Le groupe socialiste m' a confié la responsabilité du suivi du projet de loi sur la fusion des Caisses d'épargne et des Banques populaires, passé en commission des finances la semaine dernière. Ces dernières semaines, j'ai donc conduit des auditions pour rencontrer les représentants syndicaux des salariés des deux groupes.

 

Ce matin, j'ai deux réunions importantes : celle des commissaires socialistes de la commission des finances, puis celle du groupe socialiste où je dois présenter et expliciter nos projets d'amendements.

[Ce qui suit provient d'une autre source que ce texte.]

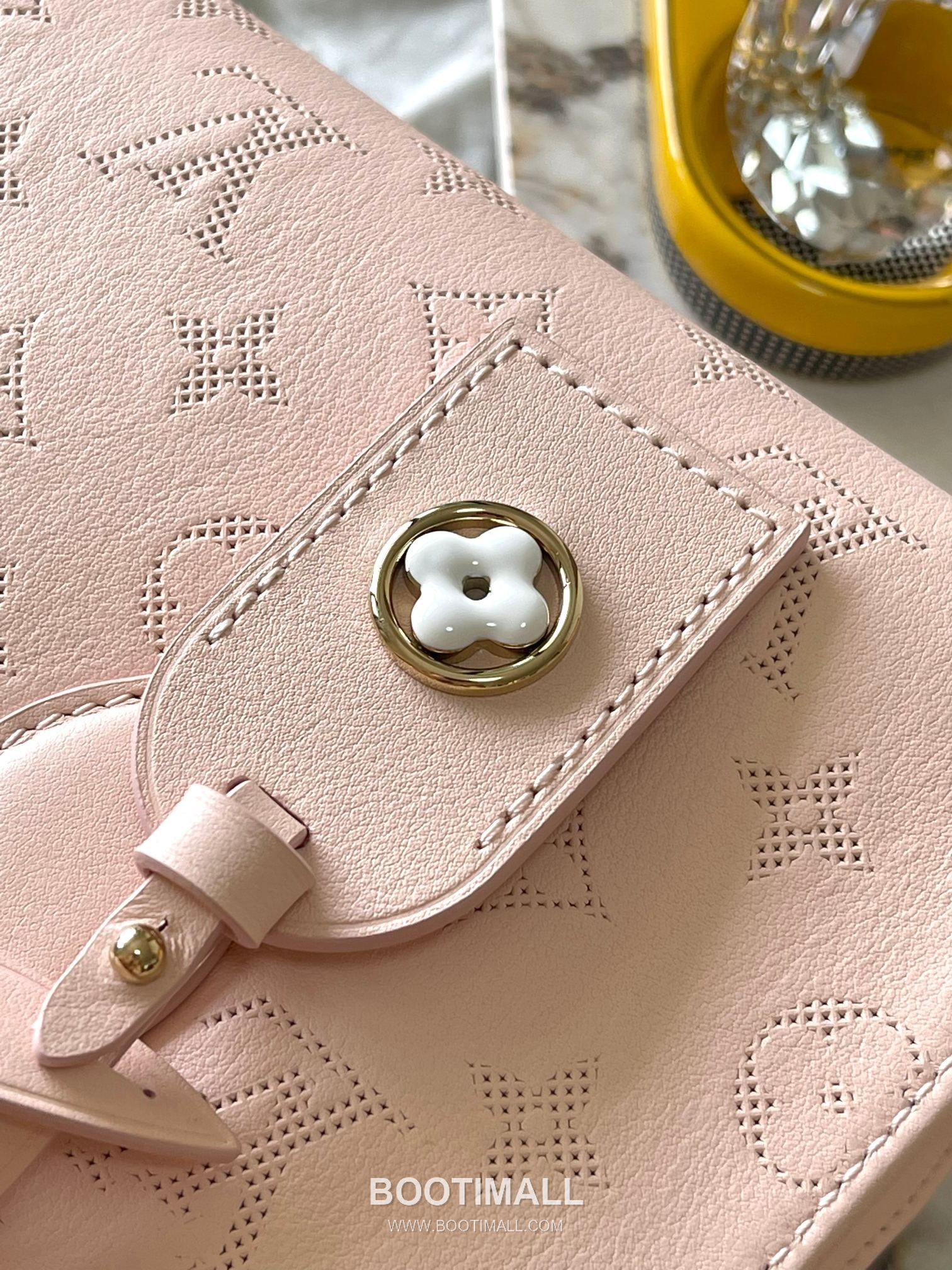 Louis Vuitton OnTheGo East West Perforated Monogram Leather Tote Bag M11274 루이비통 온더고 이스트웨스트 퍼포레이티드 모노그램 가죽 토트백 25cm 6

Ceux-ci porteront sur : la gouvernance du groupe (composition du conseil de surveillance et organisation des pouvoirs dans le nouvel organe central des Caisses d'épargne et des Banques populaires) ; la réaffirmation des missions d'intérêt général et de l'identité coopérative de ces réseaux bancaires ; la moralisation financière (lutte contre les paradis fiscaux) ; la préservation des réseaux, de leur présence sur le territoire ; la défense des intérêts des salariés.

 

La ligne politique que je propose à été approuvée et tous mes projets d'amendements adoptés à l'unanimité. Je n'aurai pas travaillé pour rien !

 

Rendez-vous maintenant pour le débat en séance publique lundi 18 mai à… 21h30 ! C'est là qu'aura lieu, et dans les jours et nuits qui suivent, la vraie bataille.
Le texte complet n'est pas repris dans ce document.